[Opening Information supplied section]

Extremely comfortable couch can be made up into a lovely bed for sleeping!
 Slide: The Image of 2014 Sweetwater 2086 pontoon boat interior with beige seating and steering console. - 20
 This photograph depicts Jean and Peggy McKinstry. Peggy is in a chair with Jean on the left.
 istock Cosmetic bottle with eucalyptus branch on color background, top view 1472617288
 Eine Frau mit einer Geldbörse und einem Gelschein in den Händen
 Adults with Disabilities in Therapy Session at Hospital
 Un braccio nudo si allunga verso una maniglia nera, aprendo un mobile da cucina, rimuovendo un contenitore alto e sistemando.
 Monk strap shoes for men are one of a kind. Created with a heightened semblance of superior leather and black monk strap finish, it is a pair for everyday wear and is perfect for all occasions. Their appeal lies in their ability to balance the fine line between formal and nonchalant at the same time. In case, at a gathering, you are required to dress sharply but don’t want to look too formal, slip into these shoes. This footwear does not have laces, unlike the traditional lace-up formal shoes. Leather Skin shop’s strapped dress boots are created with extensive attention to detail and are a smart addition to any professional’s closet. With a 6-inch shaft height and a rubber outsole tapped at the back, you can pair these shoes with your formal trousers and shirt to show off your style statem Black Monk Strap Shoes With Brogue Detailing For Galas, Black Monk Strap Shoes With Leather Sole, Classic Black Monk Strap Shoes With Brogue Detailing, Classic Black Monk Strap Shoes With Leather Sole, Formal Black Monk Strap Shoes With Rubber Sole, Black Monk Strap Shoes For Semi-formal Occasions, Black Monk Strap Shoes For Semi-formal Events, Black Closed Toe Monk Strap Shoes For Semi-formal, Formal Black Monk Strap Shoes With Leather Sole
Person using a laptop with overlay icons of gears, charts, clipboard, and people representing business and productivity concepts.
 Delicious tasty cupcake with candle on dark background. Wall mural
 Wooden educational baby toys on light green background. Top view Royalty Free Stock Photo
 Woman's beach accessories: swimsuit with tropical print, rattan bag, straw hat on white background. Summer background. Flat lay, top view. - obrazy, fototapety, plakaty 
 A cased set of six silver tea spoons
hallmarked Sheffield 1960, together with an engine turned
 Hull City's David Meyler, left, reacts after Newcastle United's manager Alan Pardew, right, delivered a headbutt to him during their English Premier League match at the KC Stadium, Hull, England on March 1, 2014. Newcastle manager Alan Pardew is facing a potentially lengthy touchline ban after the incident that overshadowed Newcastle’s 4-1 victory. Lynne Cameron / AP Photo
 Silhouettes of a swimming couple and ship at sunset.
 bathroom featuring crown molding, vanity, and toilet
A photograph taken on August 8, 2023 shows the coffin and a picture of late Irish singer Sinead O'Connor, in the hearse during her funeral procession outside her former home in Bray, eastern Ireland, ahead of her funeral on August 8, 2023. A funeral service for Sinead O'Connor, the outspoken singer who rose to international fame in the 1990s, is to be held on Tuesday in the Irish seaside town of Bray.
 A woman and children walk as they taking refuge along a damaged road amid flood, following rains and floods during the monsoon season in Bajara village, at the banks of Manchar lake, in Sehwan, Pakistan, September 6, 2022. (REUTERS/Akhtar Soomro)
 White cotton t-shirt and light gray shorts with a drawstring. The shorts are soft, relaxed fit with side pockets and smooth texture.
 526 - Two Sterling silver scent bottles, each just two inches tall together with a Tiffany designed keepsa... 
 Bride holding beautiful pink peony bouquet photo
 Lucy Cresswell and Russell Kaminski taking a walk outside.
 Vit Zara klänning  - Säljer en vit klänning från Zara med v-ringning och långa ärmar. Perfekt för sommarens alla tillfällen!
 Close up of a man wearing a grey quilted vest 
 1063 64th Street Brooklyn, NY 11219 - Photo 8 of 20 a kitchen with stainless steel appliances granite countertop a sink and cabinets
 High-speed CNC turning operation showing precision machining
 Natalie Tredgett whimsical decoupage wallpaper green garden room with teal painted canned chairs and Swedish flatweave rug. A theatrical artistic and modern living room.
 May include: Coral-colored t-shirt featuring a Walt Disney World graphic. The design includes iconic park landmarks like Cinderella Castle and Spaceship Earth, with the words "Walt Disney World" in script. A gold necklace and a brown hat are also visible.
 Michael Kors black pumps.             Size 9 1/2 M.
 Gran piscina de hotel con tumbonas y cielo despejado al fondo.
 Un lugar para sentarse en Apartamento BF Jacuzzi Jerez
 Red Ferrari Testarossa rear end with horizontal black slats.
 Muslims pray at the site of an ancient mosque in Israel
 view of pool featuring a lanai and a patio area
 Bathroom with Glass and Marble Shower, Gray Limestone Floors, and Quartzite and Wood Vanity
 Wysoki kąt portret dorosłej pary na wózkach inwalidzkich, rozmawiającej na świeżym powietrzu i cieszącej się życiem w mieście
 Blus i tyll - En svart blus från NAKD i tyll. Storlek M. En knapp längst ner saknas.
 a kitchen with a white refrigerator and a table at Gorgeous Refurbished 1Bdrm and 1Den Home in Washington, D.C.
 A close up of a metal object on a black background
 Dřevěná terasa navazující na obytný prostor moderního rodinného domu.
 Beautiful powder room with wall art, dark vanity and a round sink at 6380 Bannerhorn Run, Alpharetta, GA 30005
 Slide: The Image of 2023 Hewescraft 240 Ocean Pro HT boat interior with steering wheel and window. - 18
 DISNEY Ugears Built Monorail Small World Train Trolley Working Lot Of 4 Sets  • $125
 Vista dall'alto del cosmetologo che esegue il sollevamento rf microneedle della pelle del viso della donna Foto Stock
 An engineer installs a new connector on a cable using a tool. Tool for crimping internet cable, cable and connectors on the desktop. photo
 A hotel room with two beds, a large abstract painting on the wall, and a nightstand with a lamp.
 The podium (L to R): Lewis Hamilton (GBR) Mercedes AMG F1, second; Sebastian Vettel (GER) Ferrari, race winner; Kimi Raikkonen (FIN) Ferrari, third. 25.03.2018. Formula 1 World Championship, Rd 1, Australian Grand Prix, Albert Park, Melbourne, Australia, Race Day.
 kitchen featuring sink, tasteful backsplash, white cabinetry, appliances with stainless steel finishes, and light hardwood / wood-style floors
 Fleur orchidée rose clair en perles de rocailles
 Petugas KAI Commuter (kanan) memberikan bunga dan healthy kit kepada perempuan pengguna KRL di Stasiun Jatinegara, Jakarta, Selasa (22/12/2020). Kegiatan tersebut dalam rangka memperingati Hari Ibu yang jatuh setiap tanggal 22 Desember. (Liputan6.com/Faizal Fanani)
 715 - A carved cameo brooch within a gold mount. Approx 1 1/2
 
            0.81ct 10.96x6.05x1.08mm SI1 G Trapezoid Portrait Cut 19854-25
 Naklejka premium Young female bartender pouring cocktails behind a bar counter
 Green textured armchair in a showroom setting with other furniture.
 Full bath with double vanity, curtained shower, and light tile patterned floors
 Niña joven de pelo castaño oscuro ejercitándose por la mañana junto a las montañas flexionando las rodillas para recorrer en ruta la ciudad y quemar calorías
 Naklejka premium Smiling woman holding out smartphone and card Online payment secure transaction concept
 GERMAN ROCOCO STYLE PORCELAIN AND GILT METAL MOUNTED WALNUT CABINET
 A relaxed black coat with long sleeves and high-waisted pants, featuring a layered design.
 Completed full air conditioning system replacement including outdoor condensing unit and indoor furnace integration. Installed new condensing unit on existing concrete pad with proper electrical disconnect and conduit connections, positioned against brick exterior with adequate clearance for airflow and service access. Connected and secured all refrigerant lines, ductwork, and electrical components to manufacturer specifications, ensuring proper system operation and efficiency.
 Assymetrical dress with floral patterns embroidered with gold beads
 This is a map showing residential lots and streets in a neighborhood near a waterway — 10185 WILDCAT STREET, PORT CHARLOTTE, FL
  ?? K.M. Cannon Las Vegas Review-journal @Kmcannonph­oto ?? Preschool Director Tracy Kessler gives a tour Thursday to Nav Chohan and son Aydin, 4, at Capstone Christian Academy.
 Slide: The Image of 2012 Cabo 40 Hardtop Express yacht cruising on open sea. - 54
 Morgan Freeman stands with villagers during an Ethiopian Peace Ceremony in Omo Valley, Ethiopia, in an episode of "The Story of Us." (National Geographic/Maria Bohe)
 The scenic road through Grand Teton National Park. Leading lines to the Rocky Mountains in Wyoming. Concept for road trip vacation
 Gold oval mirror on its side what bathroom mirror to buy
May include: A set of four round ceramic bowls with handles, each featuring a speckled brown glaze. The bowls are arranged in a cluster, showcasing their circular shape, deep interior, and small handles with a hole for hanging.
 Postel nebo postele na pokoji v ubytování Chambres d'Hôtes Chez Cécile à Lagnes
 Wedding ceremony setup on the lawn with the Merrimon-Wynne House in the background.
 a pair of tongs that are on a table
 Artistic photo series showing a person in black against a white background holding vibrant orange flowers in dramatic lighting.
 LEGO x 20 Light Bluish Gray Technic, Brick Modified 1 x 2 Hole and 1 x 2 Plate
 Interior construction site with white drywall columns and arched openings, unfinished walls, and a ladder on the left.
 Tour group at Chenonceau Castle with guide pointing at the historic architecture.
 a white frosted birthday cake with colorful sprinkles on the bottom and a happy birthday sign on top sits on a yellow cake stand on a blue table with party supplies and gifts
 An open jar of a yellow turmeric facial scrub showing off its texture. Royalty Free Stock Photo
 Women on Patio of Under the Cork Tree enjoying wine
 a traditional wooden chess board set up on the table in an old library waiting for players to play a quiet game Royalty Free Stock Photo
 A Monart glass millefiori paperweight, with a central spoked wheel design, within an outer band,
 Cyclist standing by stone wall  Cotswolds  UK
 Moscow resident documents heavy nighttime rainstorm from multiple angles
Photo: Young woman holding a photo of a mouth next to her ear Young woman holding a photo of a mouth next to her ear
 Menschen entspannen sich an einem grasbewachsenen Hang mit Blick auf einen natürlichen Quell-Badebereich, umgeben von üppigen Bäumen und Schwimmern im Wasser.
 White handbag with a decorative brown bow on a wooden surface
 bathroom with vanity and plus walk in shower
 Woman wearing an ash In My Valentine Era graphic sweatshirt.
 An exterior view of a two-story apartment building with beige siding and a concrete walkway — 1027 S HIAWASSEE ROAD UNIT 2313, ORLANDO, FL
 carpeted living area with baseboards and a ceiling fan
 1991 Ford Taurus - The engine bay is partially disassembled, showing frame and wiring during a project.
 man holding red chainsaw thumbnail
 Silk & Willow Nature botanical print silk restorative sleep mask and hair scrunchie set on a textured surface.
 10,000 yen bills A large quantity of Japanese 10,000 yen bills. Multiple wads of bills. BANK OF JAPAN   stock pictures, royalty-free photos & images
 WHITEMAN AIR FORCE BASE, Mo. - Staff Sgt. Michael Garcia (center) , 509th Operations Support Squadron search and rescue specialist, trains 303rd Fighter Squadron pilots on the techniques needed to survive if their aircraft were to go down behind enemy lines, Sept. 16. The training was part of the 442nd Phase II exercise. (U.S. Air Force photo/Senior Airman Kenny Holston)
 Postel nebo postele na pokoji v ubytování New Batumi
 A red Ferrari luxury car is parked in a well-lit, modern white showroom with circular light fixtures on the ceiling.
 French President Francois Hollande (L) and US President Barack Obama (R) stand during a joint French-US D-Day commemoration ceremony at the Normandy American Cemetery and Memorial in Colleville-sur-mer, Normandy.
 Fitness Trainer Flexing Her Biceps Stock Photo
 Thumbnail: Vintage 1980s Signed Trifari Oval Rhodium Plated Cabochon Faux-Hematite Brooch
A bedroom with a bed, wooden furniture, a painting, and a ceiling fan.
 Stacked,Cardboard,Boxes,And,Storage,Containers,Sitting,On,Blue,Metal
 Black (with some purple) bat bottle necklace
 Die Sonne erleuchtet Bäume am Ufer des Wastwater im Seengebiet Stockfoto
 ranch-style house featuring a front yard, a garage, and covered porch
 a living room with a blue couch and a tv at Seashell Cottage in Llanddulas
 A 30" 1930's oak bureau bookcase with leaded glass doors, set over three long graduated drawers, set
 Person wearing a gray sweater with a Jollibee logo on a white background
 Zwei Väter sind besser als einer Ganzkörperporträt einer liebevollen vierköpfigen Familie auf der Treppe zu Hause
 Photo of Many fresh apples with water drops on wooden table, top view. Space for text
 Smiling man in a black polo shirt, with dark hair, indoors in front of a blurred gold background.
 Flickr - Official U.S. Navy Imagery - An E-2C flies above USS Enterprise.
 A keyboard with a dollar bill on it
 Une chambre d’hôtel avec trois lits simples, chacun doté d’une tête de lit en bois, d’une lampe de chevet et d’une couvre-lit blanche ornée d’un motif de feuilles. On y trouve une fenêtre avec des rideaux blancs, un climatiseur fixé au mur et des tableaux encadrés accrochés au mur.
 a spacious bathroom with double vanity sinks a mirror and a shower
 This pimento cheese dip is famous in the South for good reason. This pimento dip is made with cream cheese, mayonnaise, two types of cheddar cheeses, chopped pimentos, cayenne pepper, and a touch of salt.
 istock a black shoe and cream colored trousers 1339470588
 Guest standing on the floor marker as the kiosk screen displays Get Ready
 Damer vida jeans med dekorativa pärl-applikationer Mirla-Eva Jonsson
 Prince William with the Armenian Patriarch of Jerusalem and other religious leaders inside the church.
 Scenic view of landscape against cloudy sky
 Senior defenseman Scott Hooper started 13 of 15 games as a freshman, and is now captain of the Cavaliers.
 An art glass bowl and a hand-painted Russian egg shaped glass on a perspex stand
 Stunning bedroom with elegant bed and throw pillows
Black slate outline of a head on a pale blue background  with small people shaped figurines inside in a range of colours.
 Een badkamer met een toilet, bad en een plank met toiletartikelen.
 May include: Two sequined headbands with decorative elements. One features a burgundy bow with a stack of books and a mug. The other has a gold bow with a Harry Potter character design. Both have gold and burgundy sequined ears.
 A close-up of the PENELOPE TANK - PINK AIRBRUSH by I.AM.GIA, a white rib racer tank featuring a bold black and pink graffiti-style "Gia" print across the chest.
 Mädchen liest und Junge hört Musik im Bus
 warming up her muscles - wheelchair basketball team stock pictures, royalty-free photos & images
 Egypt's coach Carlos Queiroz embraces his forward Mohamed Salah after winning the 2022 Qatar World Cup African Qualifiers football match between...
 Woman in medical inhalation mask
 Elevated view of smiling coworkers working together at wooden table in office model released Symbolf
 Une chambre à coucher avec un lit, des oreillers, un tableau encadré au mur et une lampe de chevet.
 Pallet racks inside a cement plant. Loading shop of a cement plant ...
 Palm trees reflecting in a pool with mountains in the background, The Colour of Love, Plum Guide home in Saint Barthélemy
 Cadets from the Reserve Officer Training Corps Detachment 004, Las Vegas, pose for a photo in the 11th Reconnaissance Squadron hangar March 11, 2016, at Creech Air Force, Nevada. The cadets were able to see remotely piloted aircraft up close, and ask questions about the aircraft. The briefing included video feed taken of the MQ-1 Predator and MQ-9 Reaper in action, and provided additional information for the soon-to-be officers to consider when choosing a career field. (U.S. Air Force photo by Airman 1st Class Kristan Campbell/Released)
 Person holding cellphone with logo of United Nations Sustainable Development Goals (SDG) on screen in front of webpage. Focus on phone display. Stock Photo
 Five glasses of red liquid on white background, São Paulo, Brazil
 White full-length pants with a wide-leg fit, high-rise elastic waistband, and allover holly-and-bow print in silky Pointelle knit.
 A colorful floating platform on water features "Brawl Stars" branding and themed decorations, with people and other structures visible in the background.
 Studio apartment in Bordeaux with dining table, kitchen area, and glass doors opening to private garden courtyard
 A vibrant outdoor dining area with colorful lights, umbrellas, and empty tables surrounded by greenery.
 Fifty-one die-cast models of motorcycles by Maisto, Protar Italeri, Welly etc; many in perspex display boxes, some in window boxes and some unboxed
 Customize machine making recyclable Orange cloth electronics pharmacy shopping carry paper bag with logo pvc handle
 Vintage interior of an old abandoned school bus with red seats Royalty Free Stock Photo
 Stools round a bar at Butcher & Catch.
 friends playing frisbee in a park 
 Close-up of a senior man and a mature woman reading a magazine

[Closing Information supplied section]

▶ Brief:
The required answer is the run of lines above, starting at the line with "Photo of Many" and ending at the line with "A keyboard with a dollar bill on it", reproduced exactly with both ends.

▶ Expected answer:
 Photo of Many fresh apples with water drops on wooden table, top view. Space for text
 Smiling man in a black polo shirt, with dark hair, indoors in front of a blurred gold background.
 Flickr - Official U.S. Navy Imagery - An E-2C flies above USS Enterprise.
 A keyboard with a dollar bill on it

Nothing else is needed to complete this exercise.